To take an example: Capital in its treatment of ‘value and price’ builds on a distinction between appearance and reality On the surface of capitalist society individuals confront ‘prices’ in the sphere of distribution. The real laws of motion however are only adequately revealed in the scientific grasp of the process of production and reproduction of ‘values’. The observable (appearance) can only be grasped in terms of an unobservable (reality). Now Novack informs us (p.8) that ‘the original empirical school owed a large measure of its effectiveness to its recognition of the truth that all knowledge depends on sense experience of the external world’. This is a remarkably unqualified statement from an erstwhile critic of empiricism. The logic of such a statement is either that there is no underlying ‘reality’ behind the ‘appearance’ or that any such reality is of merely hypothetical or heuristic status. The consequence is that Marx must be viewed not as the most fundamental analyst of capitalist ‘reality’ but as a useful model builder at best, or a speculative metaphysician at worst.

The fact that Novack is aware of the method of Capital does not invalidate this point. He simply grafts a marxist orthodoxy on an incompatible empiricist philosophy.

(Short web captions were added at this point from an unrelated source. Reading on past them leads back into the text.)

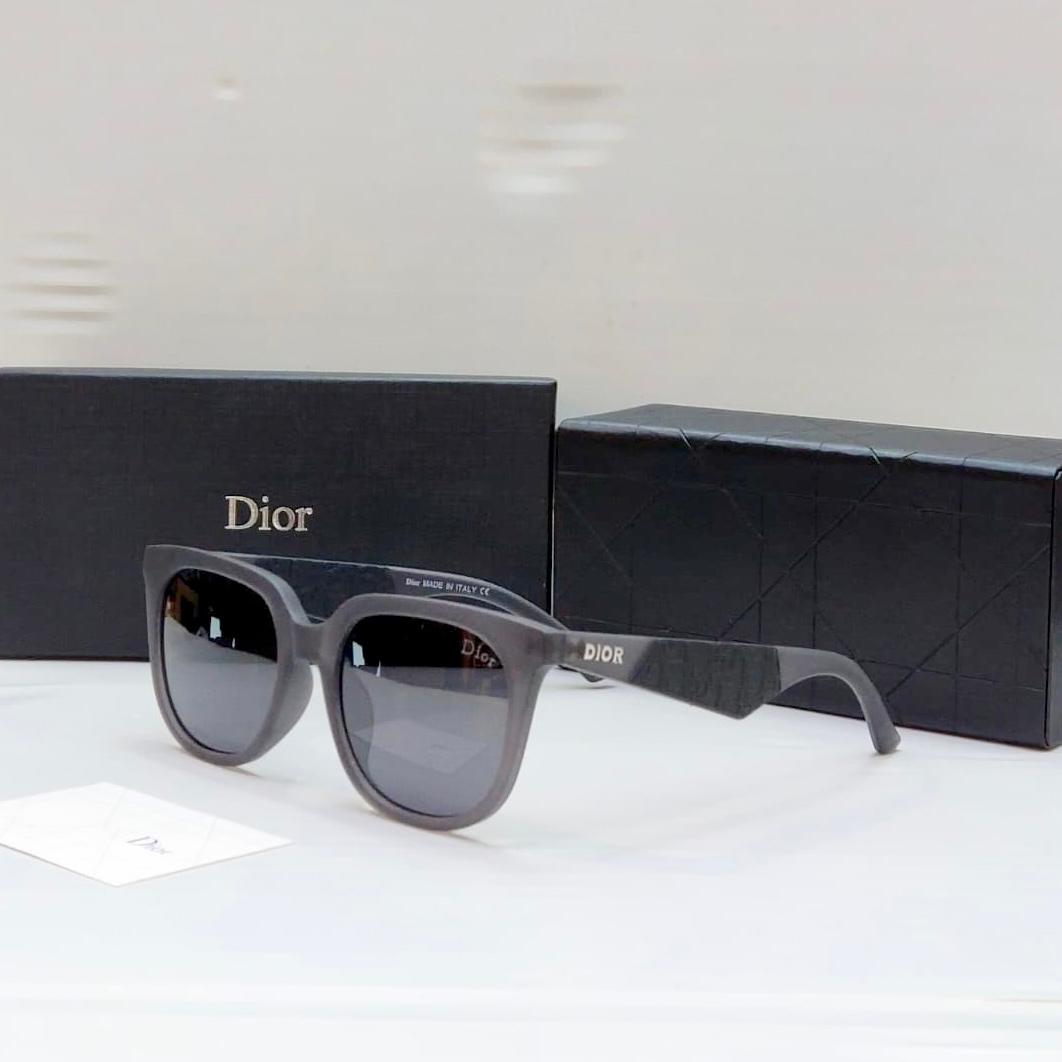 Dior Alpha Sunglasses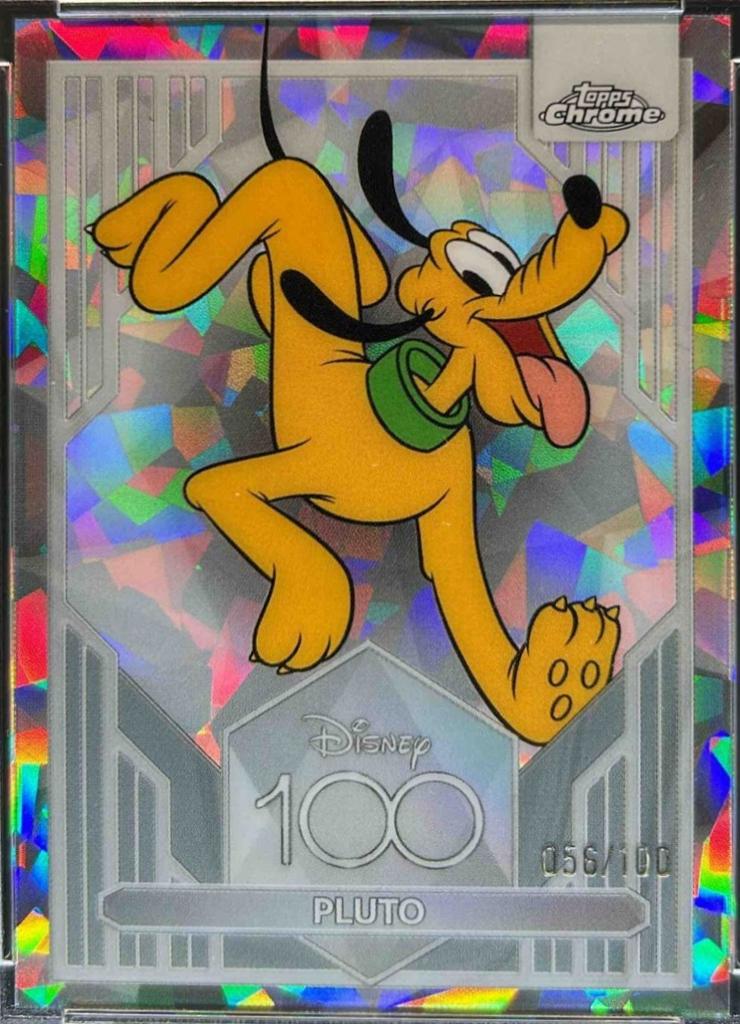 Pluto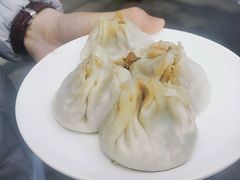 -严老幺烧麦(前进四路店)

An empiricist attempt to reduce historical and social reality to the level of surface appearances is not . simply a problem in method. It also neglects the problem of ‘mystification’. Marx and, for that matter, Freud understood the way in which the empirical level not only failed to reflect underlying reality, but was also thoroughly complicant in obscuring that reality. The fact that under capitalism ‘real’ relations between men ‘appear’ as relations between things (commodity fetishism) involves the naive empiricist who ‘reports innocently’ on these ‘appearances’ in a collaboration with that fetishism.

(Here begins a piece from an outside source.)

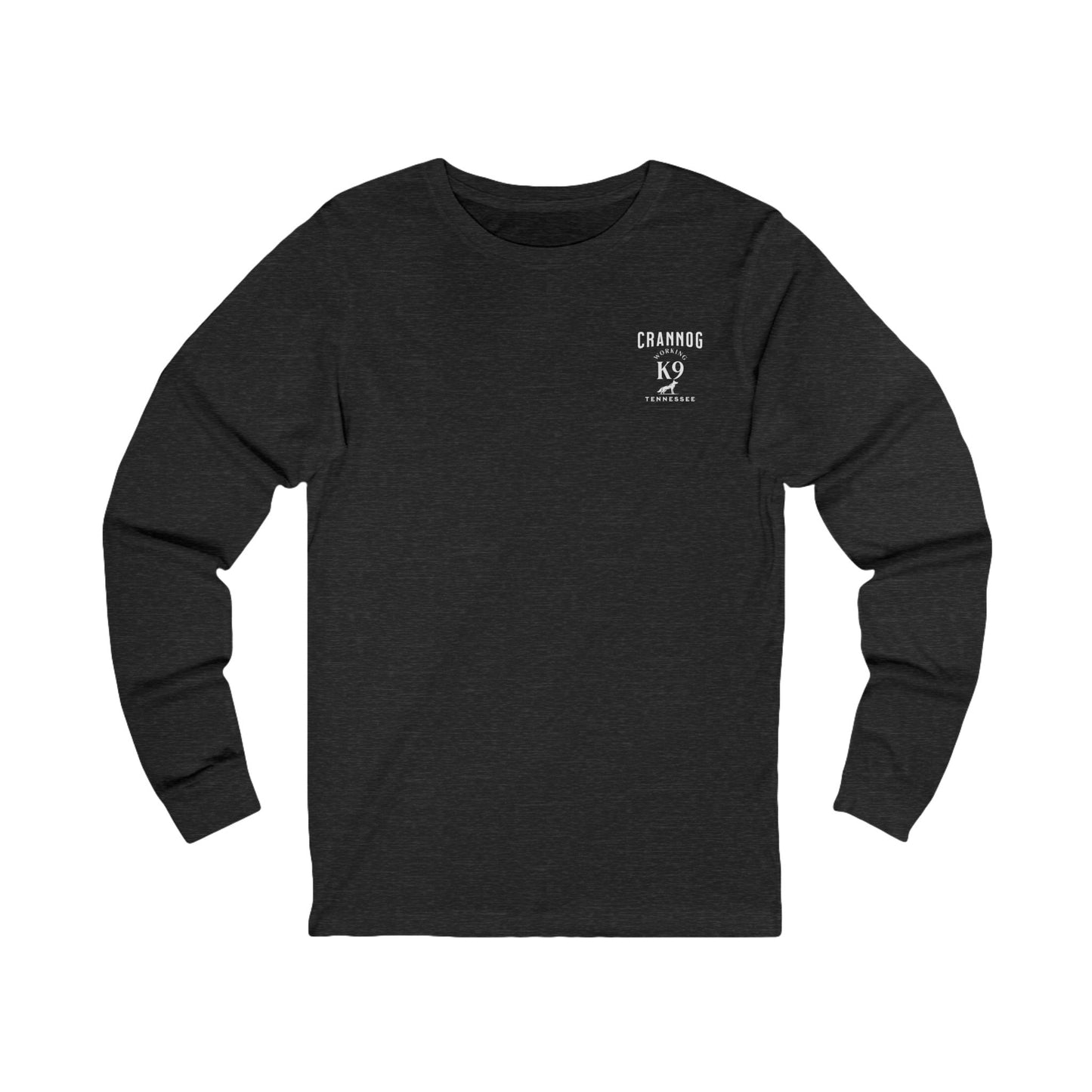 Crannog WK9 Long Sleeve Tee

Novack’s capitulation to empiricist philosophy becomes explicit at a number of other points. Empiricists have been long engaged in popularising a view as to the nature of the 17th century scientific revolution according to which the development of modern science was more or less the product of a turn to empiricism. From the beginning of this century historical material has increasingly called into question the tenability of this view. Men like the historian and scientist P. Duhem at the turn of the century and A. Koyre in more recent years, have painted a very different picture. Copernicus was a catholic priest and closer to pythagorean philosophy than to empiricism. Kepler was a platonist, while Newton’s great synthesis was at a fundamental level in debt to English neo-platonism. Men like Bacon, self-conscious precursors of empiricism, failed to make any fundamental contribution to the scientific developments of the period.

The empiricist distortion of the character of the period is pithily characterised in the still widely believed tale of Galileo and the leaning tower of Pisa experiment. According to the mythology, Galileo tiring of interminable metaphysical debates with the ‘aristotelians’ came upon the brilliant idea of putting the issue to empirical test. The result we are told was a clear triumph for ‘experience’ over ‘reason’. Why no one thought of such a simple solution before is rarely explained. The whole tale is in fact historical rubbish. Galileo never performed such an experiment and those who did arrived at results opposed to Galileo.

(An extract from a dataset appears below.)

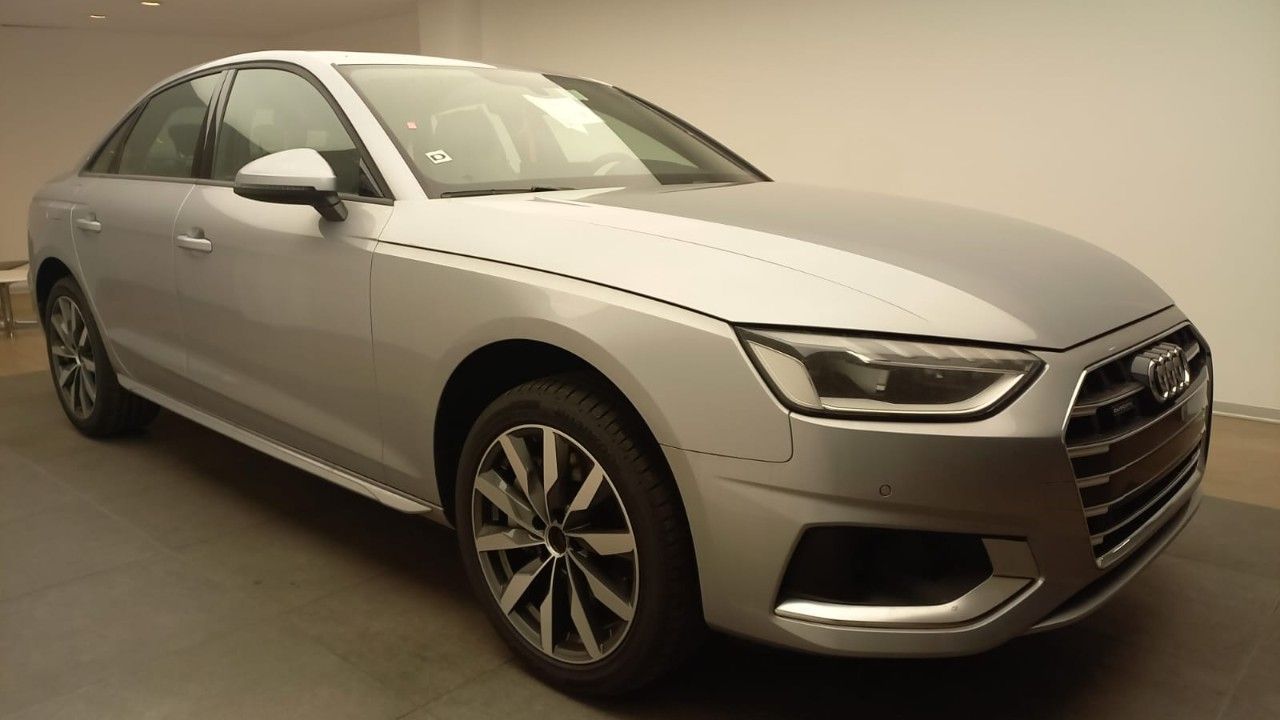 Audi A4 Nuevo en Buenos Aires, deRuedas
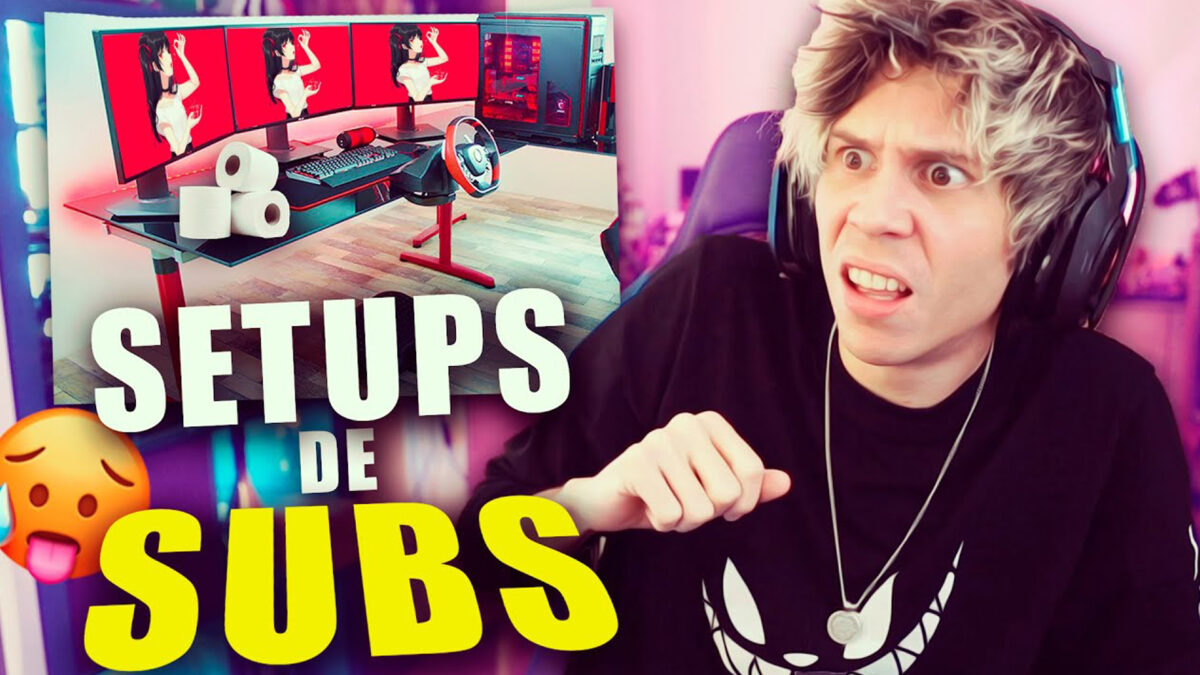 El Rubius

There are other difficulties for which the empiricist cannot account. If the fundamental breakthroughs were so dependant on empirical methods, why was it that the breakthroughs occurred first in astronomy resulting in a process which in time revolutionised every other sphere of scientific practice. An empiricist who was not wise after the event would have entertained quite different expectations. This theoretical revolution should have centred first on areas empirically available and subject to experimental manipulation – chemistry, mechanics etc. The revolution should have ascended ‘from earth to heaven’.

A key aspect of the whole period concerns the question of the mathematisation of nature. The idea that such a mathematisation was possible came easily to those who turned to Greek philosophy and in particular to Plato. On the other hand commentators today often fail to appreciate the antipathy amongst empiricists of the period to mathematics. How could a nature so empirically rich and qualitative, only knowable inductively, yield to the formal and deductivist thinking of the mathematician? To this day the very possibility of mathematics remains a mystery to empiricist philosophers.

Empiricism did in fact make marginal contributions to the scientific revolution of the 17th century. The work of the astronomer Tycho Brahe is an important case in point. Equally true, however, is the fact that it was implicated in the counter revolution against science. Contrary to popular myth, Cardinal Bellamine’s famous case against Galileo was made out not in ‘theological’ but in ‘empiricist’ terms.

Little of this complexity comes through in Novack’s book. Stripped of minor qualifications he simply reproduces the empiricist’s self-congratulatory and false consciousness as to the relationship of empiricism to science.

But luckily we need not simply rely on Novack as to the contradictions and weaknesses of empiricist philosophy. They have ‘immanently’ displayed themselves in the internal development of the tradition. There are numerous examples of empiricism culminating in relativism and scepticism. David Hume in the 18th century and the more vulgar philosophy of T. Kuhn so fashionable today are examples.

There are equally numerous examples of a tendency to idealism – the philosophy of Bishop Berkley for example, or the reactionary 19th century philosophy of Mach so passionately criticised by Lenin.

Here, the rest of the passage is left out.